Ah, this is excellent news! Thank you so much for your continued efforts. Your expertise is simply invaluable.
I do hope the 'correct' fix doesn't turn out to be too onerous and time consuming. Good luck!
Just to keep you in the loop, I've tracked this one down to an unfortunate combination of a polling loop interrupted by a vertical interrupt, leaving the other cpu enough cycles to execute a change of the polled value at the wrong time. My kludge still holds, and by my findings I verified that 16 main cpu cycles (or 24 sub cpu cycles, since it's clocked about 50% faster) is apparently the minimum needed. I'm however not exactly satisfied - it's really a mysterious coincidence that the VINT hits exactly in that time window. I'm currently communicating with @notaz about this issue. If nothing new comes up there, I'm going to commit a kludge to get v1.97 out of the door. It has been sitting there far too long.
Thank you for the update! That does indeed sound like a fishy coincidence...
But even if nothing else develops, your kludge is thoroughly researched and tested. You may be unsatisfied, but I have great faith in you - I know you will do whatever is best for the codebase :)
A small, related question: I know the most important thing is the v1.97 release, and that must take priority - so please don't think about us until that's all wrapped up. But did you have any further ideas on how we should go about updating the libretro repo with your fixes, including this one? Anything you want to do is fine with us, and I will help in any way I can. But again - this is a question for after the v1.97 release :)
Well, I'll stop further investigation here. I still believe this coincidence is strange to say the least, but I've been unable to find a reason for it. I'll say this is fixed for Silpheed. If you have other games where this was happening I would appreciate a check. I was having a conversation with notaz about this, and he said wolfteam games had this code sequence as well. If you find anything please reopen.

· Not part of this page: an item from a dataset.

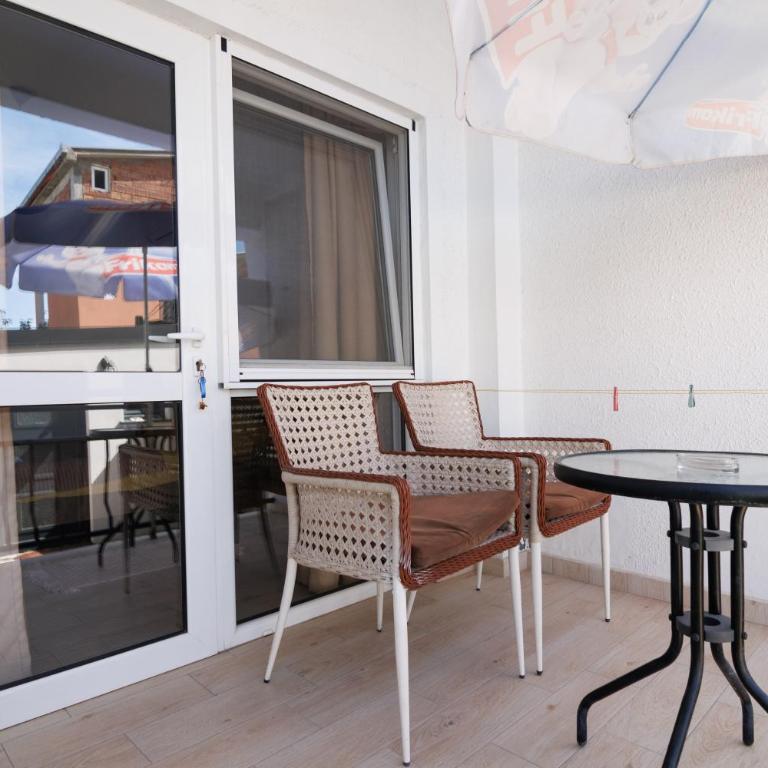Apartments Stevo Nikočević - Double Room with Balcony - 1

Regarding libretro, yes, I have... let me roll out this 1.97 over the weekend, then we should talk elsewhere. How about having a chat over this on discord? You can find me under the same name. BTW there's one last small thing before 1.97 which popped up in my conversation with notaz. I believe I can finish with that this weekend, so, 1.97 will be there RSN.
Excellent! Once again, I cannot thank you enough for your work on this. I truly appreciate all the time you have spent investigating this issue, and your fixes are perfect as far as I can tell :)
The only other game that I managed to hang more than once was Championship Soccer '94
(and that was a very rare event). I will test this game as much as I can, and if I do randomly encounter the problem again I will certainly let you know.
And yes, we can continue the libretro discussion on discord.
When running Sega CD content, Picodrive will hang randomly. The emulator does not crash - the menu can still be opened, and behaves normally - but while the game is running the display is blanked and the audio becomes either a flat tone or silence. This happens quite rarely, and seems to be associated with FMV playback (I have seen it a number of times during game intros). The issue only occurs reliably when playing
Silpheed (USA)
(Redump) - Picodrive will almost always hang at some point during the first level.I have observed this behaviour on two platforms:
OpenDingux (RG350M) with both the standalone version of Picodrive and the RetroArch core.
Linux (OpenSUSE Leap 15.2) using the RetroArch core.
When running the RetroArch core, nothing is output to the log or terminal when the issue occurs, and the hung content can be closed normally.
This a RetroArch save state taken while a hang is in progress: Silpheed (USA).zip
Please let me know if I can help in any way with debugging this issue.